Well, this is basically a template-matching problem with a template-matching problem occurs when processing images. This post lists two approaches: based on Pure NumPy and based on OpenCV (cv2).
Approach No. 1. Using NumPy, you can create a 2D array of moving indexes along the entire length of the input array. Thus, each row will be a sliding window of the elements. Then map each line to the input sequence, which will result in broadcasting for the vectorized solution. We look for all True strings pointing to those that are perfect matches and thus will be the starting index of matches. Finally, using these indexes, create a range of indexes that extends to the length of the sequence to obtain the desired result. The implementation will be -
def search_sequence_numpy(arr,seq): """ Find sequence in an array using NumPy only. Parameters ---------- arr : input 1D array seq : input 1D array Output ------ Output : 1D Array of indices in the input array that satisfy the matching of input sequence in the input array. In case of no match, an empty list is returned. """
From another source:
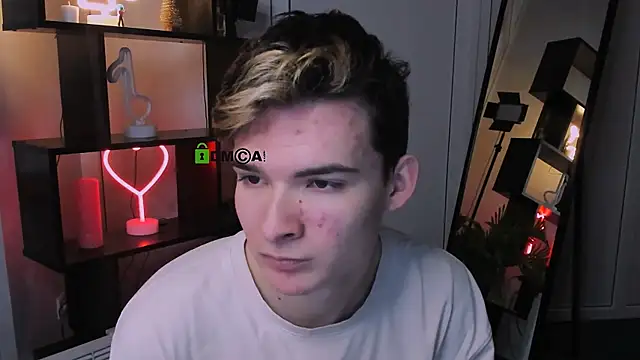 Snapshot of jordi_ser chatting on 12.20.25 jordi ser online show from 12.20.25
Approach No. 2. In OpenCV (cv2) we have a built-in function for template-matching : cv2.matchTemplate . Using this, we would get initial match indices. The remaining steps will be the same as for the previous approach. Here is the implementation with cv2 :
from cv2 import matchTemplate as cv2m def search_sequence_cv2(arr,seq): """ Find sequence in an array using cv2. """
Trial run
In [512]: arr = np.array([2, 0, 0, 0, 0, 1, 0, 1, 0, 0]) In [513]: seq = np.array([0,0]) In [514]: search_sequence_numpy(arr,seq) Out[514]: array([1, 2, 3, 4, 8, 9]) In [515]: search_sequence_cv2(arr,seq) Out[515]: array([1, 2, 3, 4, 8, 9])
Runtime test
In [477]: arr = np.random.randint(0,9,(100000)) ...: seq = np.array([3,6,8,4]) ...: In [478]: np.allclose(search_sequence_numpy(arr,seq),search_sequence_cv2(arr,seq)) Out[478]: True In [479]: %timeit search_sequence_numpy(arr,seq) 100 loops, best of 3: 11.8 ms per loop In [480]: %timeit search_sequence_cv2(arr,seq) 10 loops, best of 3: 20.6 ms per loop
Pure NumPy seems to be the safest and fastest!